- Route of the EO48 road, in blue

Route information
- Length: 181.4 km (112.7 mi)
- Existed: 9 July 1963–present

Major junctions
- East end: Livadeia
- West end: Antirrio

Location
- Country: Greece
- Regions: Central Greece; Western Greece;
- Primary destinations: Livadeia; Arachova; Delphi; Amfissa; Pentapoli [el] (for Lidoriki); Nafpaktos; Antirrio;

Highway system
- Highways in Greece; Motorways; National roads;
| ← EO46 |  | → EO50 |

= Greek National Road 48 =

Trunk road in Greece

National Road 48 (Εθνική Οδός 48, abbreviated as EO48) is a single carriageway road in central Greece. It connects the Greek National Road 5 at Antirrio with the town Livadeia, passing through Naupactus and Delphi.
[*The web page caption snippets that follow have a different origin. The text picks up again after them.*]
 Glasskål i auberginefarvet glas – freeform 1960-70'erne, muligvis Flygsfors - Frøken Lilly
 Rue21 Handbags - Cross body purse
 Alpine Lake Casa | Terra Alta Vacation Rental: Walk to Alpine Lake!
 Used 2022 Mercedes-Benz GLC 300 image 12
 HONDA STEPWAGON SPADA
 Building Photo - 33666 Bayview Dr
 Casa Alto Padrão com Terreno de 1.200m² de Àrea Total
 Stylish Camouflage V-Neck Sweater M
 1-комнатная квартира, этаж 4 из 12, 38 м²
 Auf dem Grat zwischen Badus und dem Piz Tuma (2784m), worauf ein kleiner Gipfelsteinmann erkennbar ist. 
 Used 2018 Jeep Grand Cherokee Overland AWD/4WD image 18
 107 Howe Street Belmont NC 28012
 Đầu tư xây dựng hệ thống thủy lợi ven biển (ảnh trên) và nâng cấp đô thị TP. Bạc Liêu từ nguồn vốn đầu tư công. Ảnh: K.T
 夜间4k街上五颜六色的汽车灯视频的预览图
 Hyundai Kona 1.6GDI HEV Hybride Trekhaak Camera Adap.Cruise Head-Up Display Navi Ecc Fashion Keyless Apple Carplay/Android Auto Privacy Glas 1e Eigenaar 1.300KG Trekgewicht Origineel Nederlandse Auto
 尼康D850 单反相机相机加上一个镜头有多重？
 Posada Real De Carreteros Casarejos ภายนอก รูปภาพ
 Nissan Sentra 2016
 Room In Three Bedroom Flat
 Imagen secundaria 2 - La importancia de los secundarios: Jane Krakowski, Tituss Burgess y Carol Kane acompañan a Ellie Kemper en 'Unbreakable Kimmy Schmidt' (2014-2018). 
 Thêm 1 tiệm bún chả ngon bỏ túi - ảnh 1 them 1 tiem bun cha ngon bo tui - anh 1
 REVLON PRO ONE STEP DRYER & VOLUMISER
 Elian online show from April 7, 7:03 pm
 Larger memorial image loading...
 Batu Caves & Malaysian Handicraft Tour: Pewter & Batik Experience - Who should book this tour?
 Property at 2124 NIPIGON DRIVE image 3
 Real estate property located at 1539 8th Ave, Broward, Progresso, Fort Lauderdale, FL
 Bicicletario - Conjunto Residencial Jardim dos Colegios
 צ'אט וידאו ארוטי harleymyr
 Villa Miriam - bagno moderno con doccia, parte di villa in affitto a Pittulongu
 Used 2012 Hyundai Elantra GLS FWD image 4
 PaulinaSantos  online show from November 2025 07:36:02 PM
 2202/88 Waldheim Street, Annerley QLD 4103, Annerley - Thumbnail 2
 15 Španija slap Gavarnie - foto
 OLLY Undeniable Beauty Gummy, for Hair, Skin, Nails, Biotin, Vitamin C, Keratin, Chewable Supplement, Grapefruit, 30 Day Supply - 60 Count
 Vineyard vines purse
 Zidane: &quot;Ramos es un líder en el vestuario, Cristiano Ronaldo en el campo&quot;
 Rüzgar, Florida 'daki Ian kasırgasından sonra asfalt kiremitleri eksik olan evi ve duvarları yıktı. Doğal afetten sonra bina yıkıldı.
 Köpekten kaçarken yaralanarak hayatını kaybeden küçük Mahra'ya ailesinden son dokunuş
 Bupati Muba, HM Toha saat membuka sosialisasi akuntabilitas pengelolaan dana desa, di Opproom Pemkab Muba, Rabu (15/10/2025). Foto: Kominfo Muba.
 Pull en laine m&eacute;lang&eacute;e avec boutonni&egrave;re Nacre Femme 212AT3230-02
The section between Antirrio and Itea is part of European route E65. The EO48 passes through the regional units Aetolia-Acarnania, Phocis and Boeotia.

==Route==

The EO48 is officially defined as an east–west route along the northern side of the Gulf of Corinth in Central Greece, from Boeotia to Aetolia-Acarnania: it runs between Livadeia in the east and Antirrio in the west, via Arachova, Delphi, Amfissa, Pentapoli (for Lidoriki), and Nafpaktos. Two short sections of the EO48, between Amfissa and Chrisso and between Nafpaktos and Antirrio, are part of the European route E65: the remainder of the E65 between Amfissa and Antirrio follows the Thermopylae–Antirrio National Road south of the EO48, bypassing Nafpaktos.

The EO48 connects with the EO3 at Livadeia, the EO27 at Amfissa, and the A5 motorway and EO5 at Antirrio. There are three tunnels longer than 100 m on the EO48: west of Tsoukalades (Karakolithos tunnel, 300 m); east of Arachova (200 m); and west of Agios Georgios (100 m).

==History==

Ministerial Decision G25871 of 9 July 1963 created the EO48 from part of the short-lived EO18, which ran between Livadeia and Ioannina, via Antirrio. In 1978, the EO48 was realigned away from Lidoriki, due to the creation of a reservoir to supply drinking water in Attica.